Current Prosecutor General Viktor Shokin recently received a similar present – right in time for his first anniversary at the job. It was also a portrait, but in video form: Ukrainian TV channel Inter, owned by moguls Dmytro Firtash and Sergiy Lyovochkin, released a flattering documentary about Shokin.

Lyovochkin is the former chief of staff of disgraced Ukraine’s former President Viktor Yanukovych. He is now a lawmaker with the Opposition Bloc party, a successor to Yanukovych’s Party of Regions. Oligarch billionaire Firtash is in Vienna, where he was arrested in 2014 on a U.S. warrant as a suspect in a bribery case. He denies any wrongdoing.

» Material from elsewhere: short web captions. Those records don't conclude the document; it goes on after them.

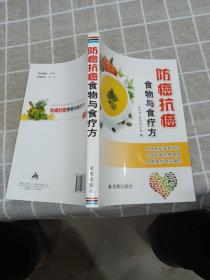 防癌抗癌食物与食疗方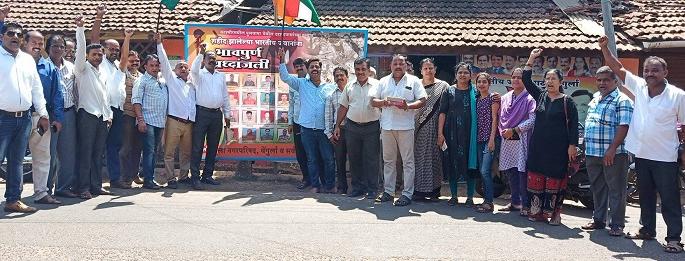 Change of Pulmava attack, Vengurlee shocked by BJP | पुलमावा हल्ल्याचा बदला, वेंगुर्ले भाजपकडून जल्लोष Change of Pulmava attack, Vengurlee shocked by BJP | पुलमावा हल्ल्याचा बदला, वेंगुर्ले भाजपकडून जल्लोष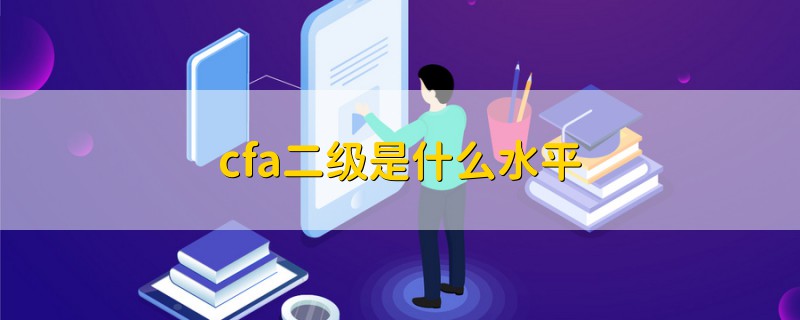 cfa二级是什么水平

The 20-minute-long video tribute to the outgoing prosecutor general is called “Shokin,” although “The Great Shokin” would have been a better fit. The film shows – with every trick in the videomaker’s book – how “great” the prosecutor general is.

According to the documentary, Shokin is very modest and hardworking, loves nature and respects women and the elderly. He also says in the movie that he devotes most of his time and effort to fighting corruption.

“And I’m succeeding little by little,” Shokin says.

In his words, the fight against corruption is much more complex than just capturing and imprisoning the bribe-givers. Ukraine can be completely cleansed of graft only in a couple of generations, he says in the film.

“We need to start with our children, in kindergartens, and with ourselves,” he says.

These comments follow the repeated criticism from civil society and Ukraine’s international partners, who keep saying Shokin is dragging his feet in the fight against corruption.

The fawning documentary was released online on Feb. 15 – the same day Shokin’s deputy Vitaly Kasko loudly quit his job, citing corruption and sabotage by Shokin of efforts to combat corruption and institute the rule of law.

While the media and expert community were bursting with irritation, the official Facebook page of the Prosecutor’s General Office decided that posting this movie would smooth the situation.

At the very beginning of the documentary, Shokin brags about one of the important cases he prosecuted. If you are now thinking of the cases involving Yanukovych’s allies and the billions they stole, stop now – the investigation that Shokin showcases as his success took place in the 1990s.

The case of the White Brotherhood, a popular sect in Kyiv, was indeed a big fraud that fooled thousands of people. However, its importance now can hardly be compared to the urgency of punishing those who slaughtered more than 100 EuroMaidan activists – and this is the investigation that has hardly progressed at all under Shokin.

And you know why?

“We can’t rush in such cases,” Shokin says in the movie.

Well, he’s certainly not rushing – the killings took place two years ago.

Fortunately, there is a hope that the movie is also a farewell present for Shokin.

Ukrainian President Petro Poroshenko said on Feb.16 that he had asked his appointed prosecutor to resign, as he, “unfortunately, wasn’t able to win the support of society.”

Soon, a Kyiv Post’s source in Shokin’s office confirmed that the prosecutor general had submitted a resignation note. But other reports say he is on vacation.

Those who were moved by the documentary scenes – where Shokin tells how he had a pet squirrel as a child or how he had to sleep on a windowsill as his family lived in a small room – might feel a bit sorry for him as he leaves office.

But his critics, including me, will be happy to see this impotent prosecutor gone. Let’s just hope we don’t get yet another Caesar wannabe.